To me, a ghost is a kind of spirit that once died and now lingers here on earth, looking for some kind of closure. A ghost isn’t a life. It is mostly invisible and really cannot make a difference, because, well it’s dead. Ghosts tend to scare the crap out of people, which annoys me because I’m afraid of their existence even though, technically, they do not exist.

Sometimes, I feel like a ghost. Not because I’m dead or anything, but because I’m living as something that just doesn’t exit. Have you ever felt like you’re just drifting by, aimlessly, invisibly searching for something, anything to breathe life back into your soul? Well, I do. And as long as I pretend to be something I don’t want to be, I will continue living as a ghost, annoying the crap out of people (mostly myself).

I remember what it felt like to live in the moment; to feel as if you’re relishing every second. Now, I don’t know if I understand the concept of fun.

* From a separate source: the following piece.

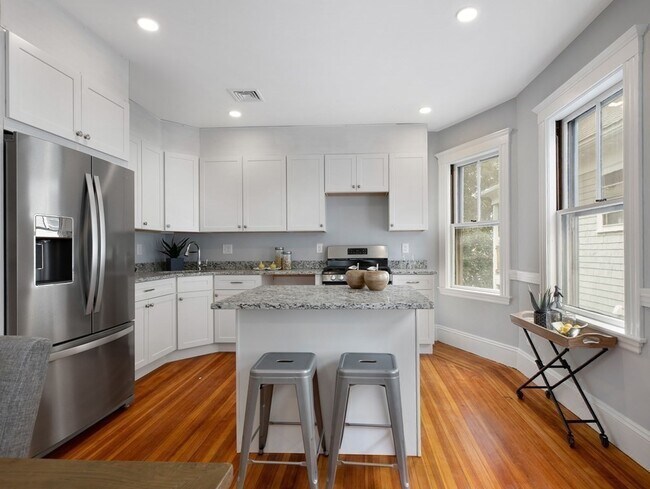 261 Walnut St, Unit 3 in Brookline, MA - Building Photo - Building Photo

Sometimes, I tell myself that hey, this is fun, but I’m not really having fun. I’m not really feeling. Instead of touching a wall and feeling the hardness and texture of uneven paint distribution, my hand would go right through it. And I’d feel nothing.

I’m not LIVING. So I’m not FEELING in the way I need to be feeling.

When we are born, we are already being conditioned to think in a particular way. This is wrong. This is right. This is black. This is white. Our values are taught to us, instilled within us, and as we grow up, they make us who we are. You may be thinking, “Hey what’s wrong with growing up with values and morals?” The thing is, nothing is wrong with it. It stops a lot of us killing people who chew really badly. On the other hand, values are taught to us in a particular way. And a slight deviation from the way a value “ought to be practised” is like committing a mortal sin. At least it feels that way to me – the ghost.

I was conditioned to believe that studying really hard, graduating, and getting a status-giving job (that of course paid well) was the ultimate life purpose. Be a doctor. Be an engineer. Be an accountant. Be a lawyer. Nobody told me to follow my dreams, because some dreams defy rationality, and rational dreams are the way to go.

Whipeee.

But what about doing what you love? What about doing something that gives you energy to wake up every morning? Does that not count in this opinion-driven, sanctimony-producing world?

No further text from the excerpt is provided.